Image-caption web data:
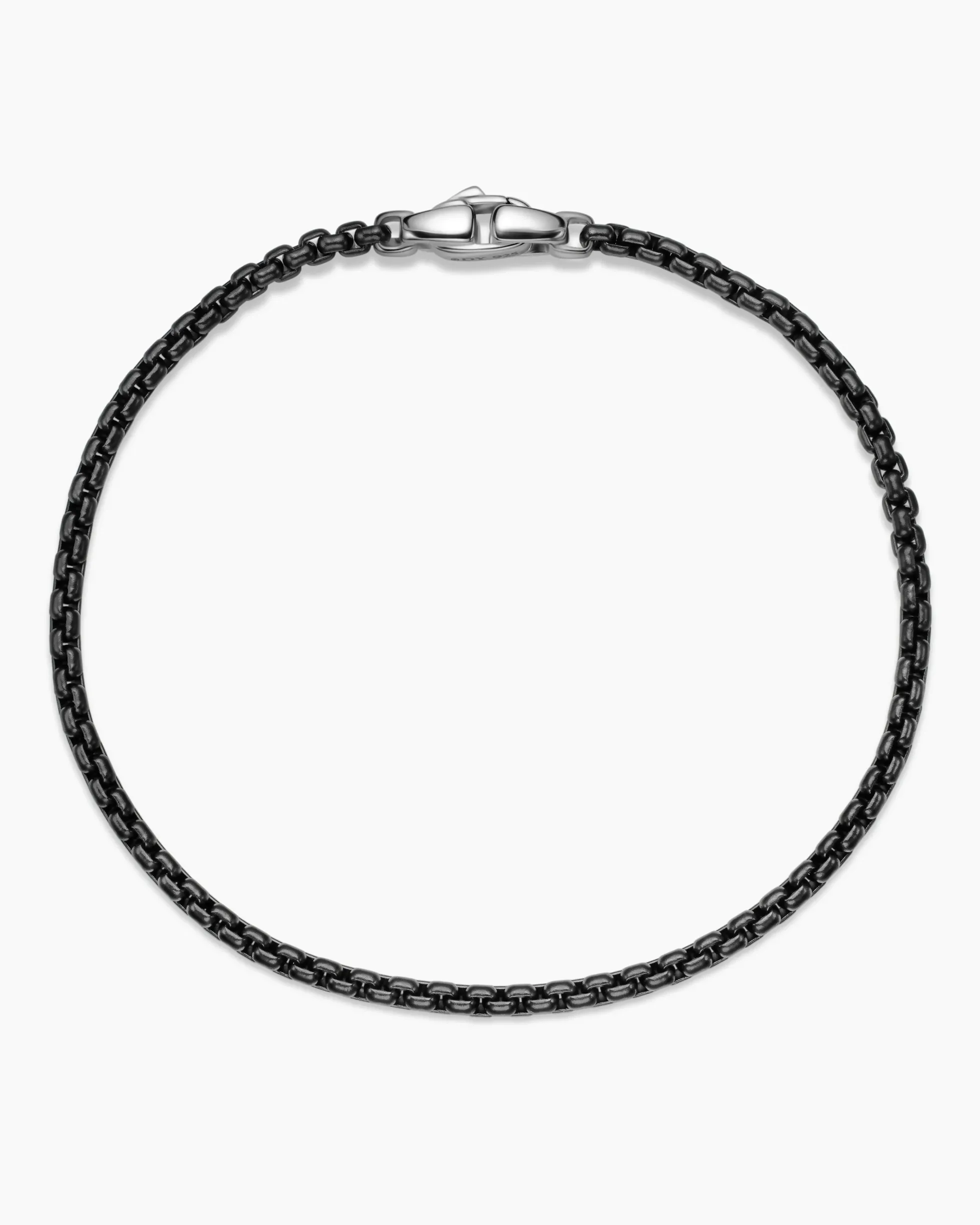 Box Chain Bracelet Stainless Steel and Sterling Silver, 2.7mm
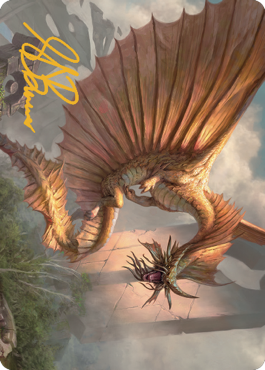 Ancient Gold Dragon Art Card (28) (Gold-Stamped Signature) [Commander Legends: Battle for Baldur's Gate Art Series] | Exor Games Bridgewater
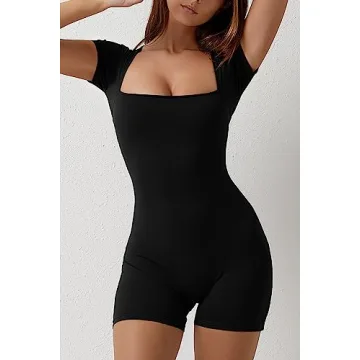 QINSEN Women's Short Sleeve Bodycon Romper for Summer Style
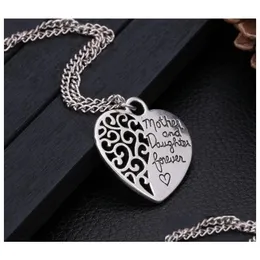 Pendant Necklaces Heart Shape Mom And Daughter Pendants For Women Adjustable Sier Plating Hollow Chain Necklace Jewelry Gif Drop Deliv Dhhra
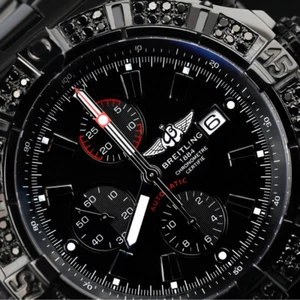 Breitling Super Avenger Chronograph A13370 PVD/DLC Coated with 3ct Black Genu... - Picture 1 of 10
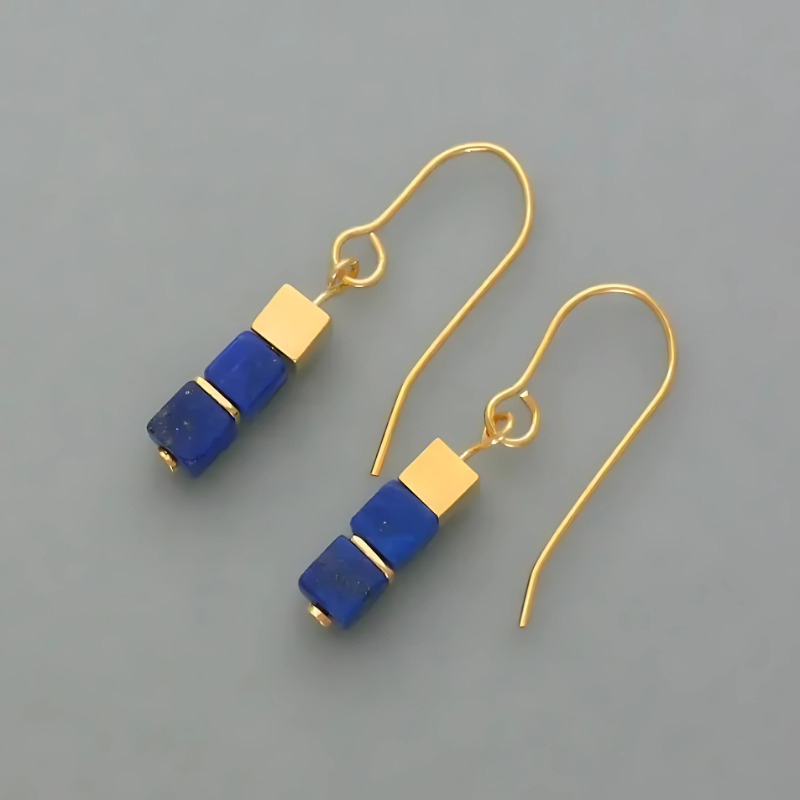 Blue Cube Earrings - Zara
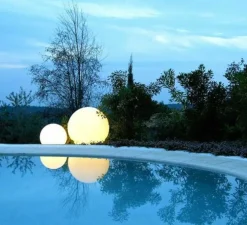 Lampe de jardin, GLOBO, blanc, mat, IP55, Ø30cm - Slide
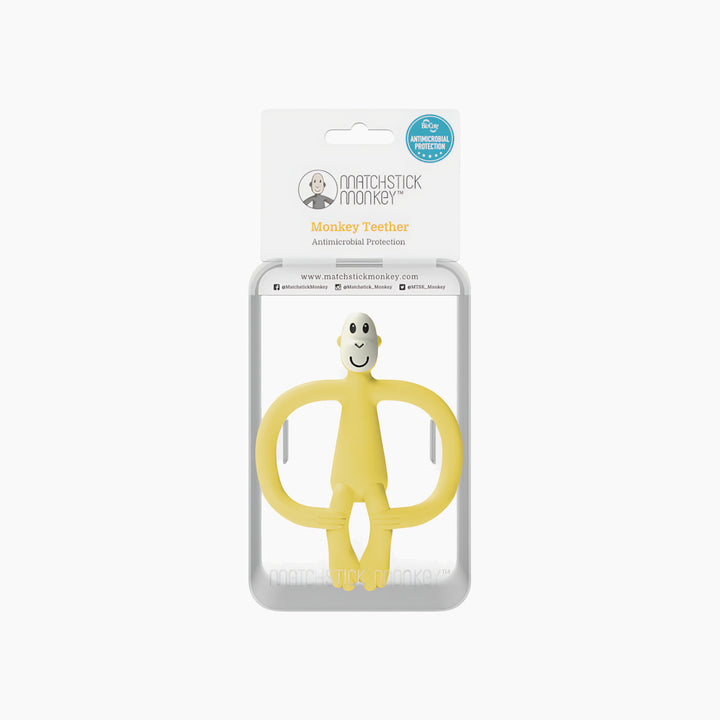 Matchstick Monkey No Tail teething toy in yellow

# WHAT TO WORK ON
Transcription of the lines from the one with "Pendant Necklaces Heart" through the end of the entries is required, exact and with no pictures.

# ANSWER
 Pendant Necklaces Heart Shape Mom And Daughter Pendants For Women Adjustable Sier Plating Hollow Chain Necklace Jewelry Gif Drop Deliv Dhhra
 Breitling Super Avenger Chronograph A13370 PVD/DLC Coated with 3ct Black Genu... - Picture 1 of 10
 Blue Cube Earrings - Zara
 Lampe de jardin, GLOBO, blanc, mat, IP55, Ø30cm - Slide
 Matchstick Monkey No Tail teething toy in yellow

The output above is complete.